§ **Work instructions**:
Exclude pictures and give again exactly the lines of the listing, beginning with its first line and ending with the one that contains "Hi kids, today's".

§ **Supplied information**:
== Segment start ==

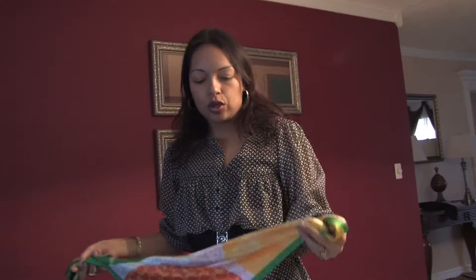It's basically pretty easy to just go ahead and fold the bandana and put it on. Once again, this is Gabriela Garzon at GG Image and Etiquette Consulting in Miami, Florida.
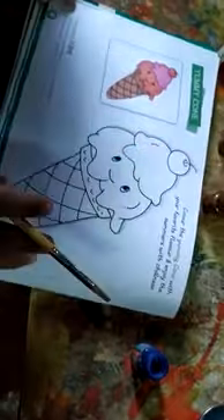Hi kids, today's home assignment is coloring for ice cream. Here I am using burnt sienna, red and pink color for the ice cream.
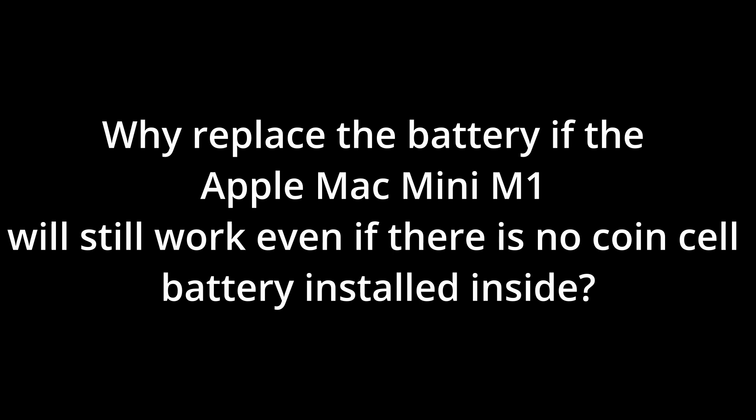Answer: To have the correct date and time always. Even if you shut down and boot up again your Apple Mac Mini M1, you don't need to set it every time you boot the computer up — that is, if you are not connected to the internet.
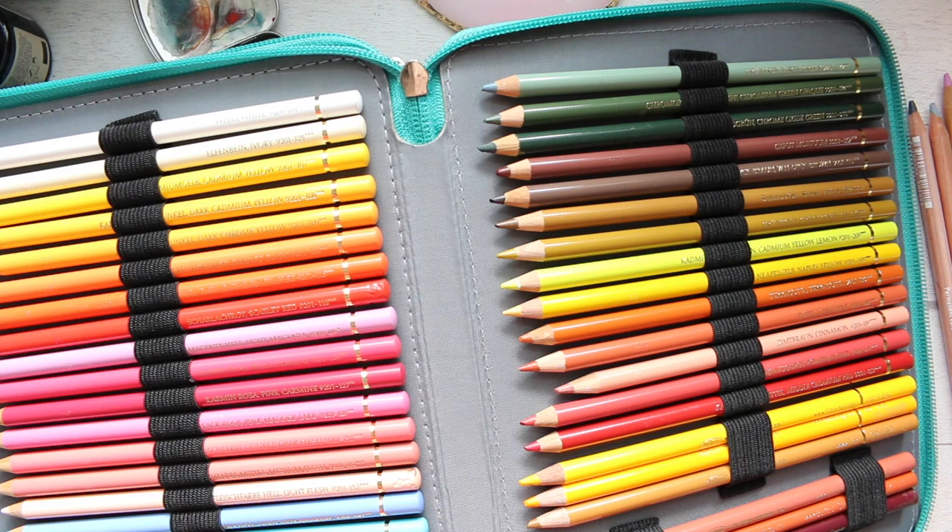Hi everyone, welcome to my June favorites - slightly related but better late than never. Unfortunately the first part of this video hasn't been recorded for whatever reason, but I'm starting here with this beautiful pencil case.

== Segment end ==

§ **Answer to this exercise**:
It's basically pretty easy to just go ahead and fold the bandana and put it on. Once again, this is Gabriela Garzon at GG Image and Etiquette Consulting in Miami, Florida.
Hi kids, today's home assignment is coloring for ice cream. Here I am using burnt sienna, red and pink color for the ice cream.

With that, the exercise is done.